What free-to-air TV will look like come July 6
Thursday, 11 April 2024
Yesterday, April 10, 2024, a total of ten local news and current affairs programmes aired across Aotearoa’s free-to-air TV stations. By the end of this week, there will have been 67 individual news, current and consumer affairs transmissions inside seven days.
But April 10 was also the day we learned the extent of the cuts at TVNZ and Newshub. Come July 6 - just eight weeks from now - we’ll be down to just three news shows per weekday on one broadcaster, 31 each week.
So what will free-to-air TV actually look like in three months’ time? Something like this.
Wait, we have 67 news shows - really?
67 individual broadcasts per week, not counting reruns.
The count on that is on TVNZ Breakfast (5), Midday (5), Tonight (5), Seven Sharp (5), 1 News (7), Fair Go (1) Q&A (1), Te Karere (5) and Sunday (1); on Three AM (5), Newshub Live at 6pm (7), Newshub Late (5), and The Hui (1); on Whakaata Māori Te Ao Mārama (5), Te Ao with Moana (1) and Marae (1) and on Sky Open, News First (7).
And what will be left?
TVNZ and Whakaata Māori will own all the locally-produced news and current affairs programming after July 5, when Newshub’s shows sign off for the final time, with the exception of The Hui.
That show - which livestreams on ThreeNow and airs on both Three and Whakaata Māori later in the week - has NZ On Air funding secured through to the end of 2024 and Newshub’s owner Warner Bros Discovery NZ said it would continue to provide studio support to The Hui until then.
A standard weekday will now have just four news shows, three on TVNZ 1 - Breakfast, Te Karere and 1 News and Te Ao Mārama on Whakaata Māori.

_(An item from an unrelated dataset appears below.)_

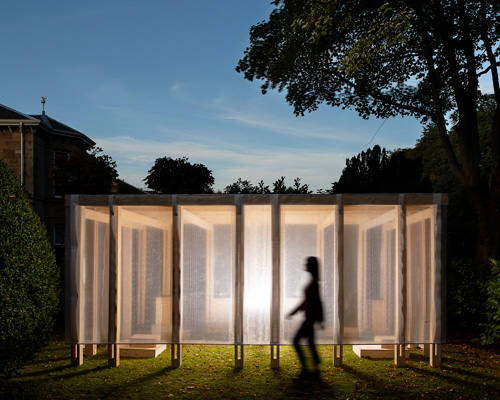 o’donnellbrown develops prototype for outdoor community classroom in glasgow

That takes our weekly count to Breakfast (5), Seven Sharp (5), 1 News (7), Q&A (1), Te Karere (5), Te Ao Mārama (5), Te Ao With Moana (1) and Marae (1), plus The Hui.
How will the broadcasters fill all those gaps?

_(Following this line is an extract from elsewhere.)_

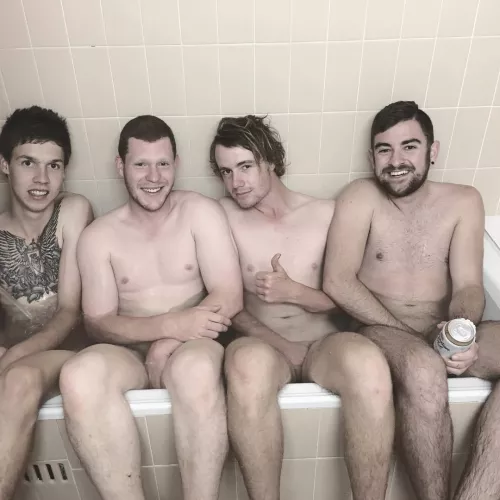 Looks a little cramped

Neither has addressed this but we can say with a degree of certainty that it will be with foreign programming.
This degree of certainty rises from both TVNZ’s and WBD’s reasons for slashing their news and current affairs programming in the first place: local programming is expensive to produce, much, much more expensive than buying what’s known as “finished” shows from overseas.
Could some of the programming that replaces these local shows be foreign news and current affairs - a US current affairs show, say, to replace Sunday, a UK consumer affairs show to replace Fair Go? Possibly, and it probably wouldn’t be a bad idea, considering those shows are among TVNZ’s top performers.
TVNZ and WBD might pop some of the non-news NZ programming they do commission each year into these now-free time slots, particularly in prime time. Maybe a 10-part local reality series would go well aired at 6pm on Three every night for two weeks, for example, while Fair Go’s Monday night spot lends itself to a factual series.
But dollars to doughnuts, the broadcasters will not be ordering anything new. Too expensive.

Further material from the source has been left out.